Wer eine Wiese mit Streuobst bepflanzen oder pflegen möchte und nach Fördermöglichkeiten dafür sucht, findet eine ganze Reihe verschiedener staatlicher Programme. Da gibt es Unterstützungen nach Flächengröße oder für einzelne Bäume, für landwirtschaftliche Betriebe und für Freizeit-Obstgärtner. Geld gibt es von der EU oder vom Freistaat, in manchen Regionen auch Zuschüsse von Kommunen. Wer wissen möchte, was für die eigene Streuobstwiese zutrifft, kann sich bei den Landwirtschafts- und Landratsämtern beraten lassen.

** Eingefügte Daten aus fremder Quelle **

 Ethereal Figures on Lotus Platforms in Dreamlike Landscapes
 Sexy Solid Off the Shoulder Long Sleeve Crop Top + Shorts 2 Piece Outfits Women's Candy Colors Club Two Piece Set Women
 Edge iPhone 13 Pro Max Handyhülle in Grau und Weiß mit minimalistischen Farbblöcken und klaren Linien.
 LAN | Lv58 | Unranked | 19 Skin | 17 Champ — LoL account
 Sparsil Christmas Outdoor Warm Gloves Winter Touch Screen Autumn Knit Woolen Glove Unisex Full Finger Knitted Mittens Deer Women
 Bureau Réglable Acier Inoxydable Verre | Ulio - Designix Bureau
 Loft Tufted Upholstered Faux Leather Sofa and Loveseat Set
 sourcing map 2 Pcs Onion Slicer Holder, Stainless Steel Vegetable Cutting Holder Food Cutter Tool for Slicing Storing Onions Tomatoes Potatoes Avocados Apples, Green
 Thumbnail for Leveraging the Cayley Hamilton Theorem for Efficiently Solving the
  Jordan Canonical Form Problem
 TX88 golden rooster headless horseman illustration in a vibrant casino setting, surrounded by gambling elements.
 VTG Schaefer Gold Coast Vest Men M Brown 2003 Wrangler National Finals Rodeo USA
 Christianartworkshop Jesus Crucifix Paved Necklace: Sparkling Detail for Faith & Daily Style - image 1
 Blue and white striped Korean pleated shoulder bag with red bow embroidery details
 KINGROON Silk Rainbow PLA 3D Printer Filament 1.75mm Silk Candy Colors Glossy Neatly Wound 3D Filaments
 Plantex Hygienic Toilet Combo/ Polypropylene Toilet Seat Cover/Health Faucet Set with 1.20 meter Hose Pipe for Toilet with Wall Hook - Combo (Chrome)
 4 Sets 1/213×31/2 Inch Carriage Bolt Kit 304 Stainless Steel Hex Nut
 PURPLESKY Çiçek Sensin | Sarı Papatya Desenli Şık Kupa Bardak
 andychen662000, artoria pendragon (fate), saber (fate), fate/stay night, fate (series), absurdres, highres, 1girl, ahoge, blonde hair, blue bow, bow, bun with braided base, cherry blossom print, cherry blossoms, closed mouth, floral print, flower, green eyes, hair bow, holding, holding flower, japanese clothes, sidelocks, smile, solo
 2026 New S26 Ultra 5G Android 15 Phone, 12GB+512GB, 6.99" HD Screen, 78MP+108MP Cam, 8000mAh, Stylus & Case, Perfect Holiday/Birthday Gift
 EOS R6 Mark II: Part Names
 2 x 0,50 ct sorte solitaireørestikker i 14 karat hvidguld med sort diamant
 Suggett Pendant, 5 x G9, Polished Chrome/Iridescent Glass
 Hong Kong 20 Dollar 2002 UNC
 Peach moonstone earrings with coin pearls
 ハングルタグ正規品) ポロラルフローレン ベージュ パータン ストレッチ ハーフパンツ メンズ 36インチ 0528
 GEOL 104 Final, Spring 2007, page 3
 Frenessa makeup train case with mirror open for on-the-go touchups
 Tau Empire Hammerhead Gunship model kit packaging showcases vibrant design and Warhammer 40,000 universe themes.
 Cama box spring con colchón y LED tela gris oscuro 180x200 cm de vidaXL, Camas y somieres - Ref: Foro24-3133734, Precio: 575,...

Für Winzer Wohlfahrt aus Sommerach ist das nicht mehr interessant. Er geht auf die 70 zu, ein Nachfolger mit Liebe zur Obstgärtnerei ist nicht in Sicht. Er erzählt, wie früher die ganze Familie bei Obstanbau und -ernte zusammen half. Nur so habe sich der Anbau der Früchte rentiert. Nun kommt Wohlfahrt nicht mehr auf seine Kosten. Und die Arbeit auf der Wiese ist für ihn zu viel geworden. „Wenn ein Baum ein paar Jahre vernachlässigt wird, geht es schnell abwärts“, sagt der Winzer. Auch einige seiner Bäume sind schon vom Alter gezeichnet. Sie hätten ersetzt werden müssen. Doch Wohlfahrt entschied sich, die Obstwiese zu roden.
Er ist nicht der Einzige, der den Obstanbau wegen des Alters und der Rentabilität aufgibt. Die immer größeren Lücken auf den Fluren längs der Mainschleife beispielsweise vermitteln ein Bild von diesem Trend. Die Bäume werden sich selbst überlassen und verwildern.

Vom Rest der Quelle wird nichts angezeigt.